A pipeline to simplify building a set of training data for aerial-imagery- and OpenStreetMap- based machine learning. The idea is to use OSM QA Tiles to generate "ground truth" images where each color represents some category derived from OSM features. Being map tiles, it's then pretty easy to match these up with the desired input imagery.
- OSM QA tile data copyright OpenStreetMap contributors and licensed under ODbL
- Mapbox Satellite data can be traced for noncommercial purposes.
The easiest way to use this is via the developmentseed/skynet-data
docker image:
docker run -d -v /path/to/output/dir:/workdir/data developmentseed/skynet-data download-osm-tiles
docker run -d -v /path/to/output/dir:/workdir/data -e MapboxAccessToken=YOUR_TOKEN developmentseed/skynet-data
The first line downloads the OSM QA tiles to /path/to/output/dir/osm/planet.mbtiles
. If you've already got that file on your machine, you can skip this.
The second builds a training set using the default options (Roads features from OSM QA tiles, images from Mapbox Satellite).
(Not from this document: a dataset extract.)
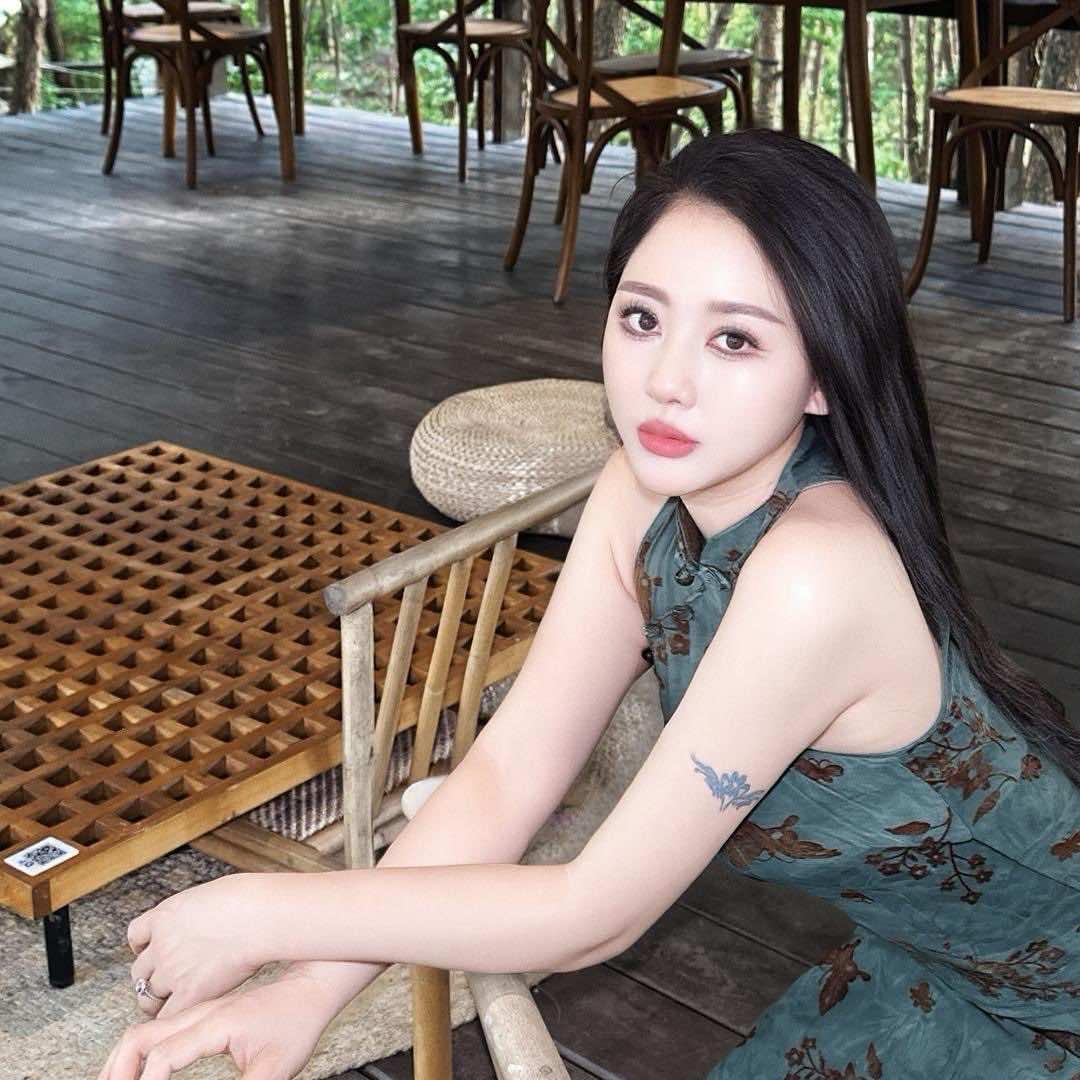 L—X雪儿🎀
To change the data sources, training set size and other options, send the relevant environment variables (see below) into docker run
with -e VAR=value
.
The make
commands below work off the following variables (with defaults as
listed):
# location of image files
IMAGE_TILES ?= "tilejson+https://a.tiles.mapbox.com/v4/mapbox.satellite.json?access_token=$(MapboxAccessToken)"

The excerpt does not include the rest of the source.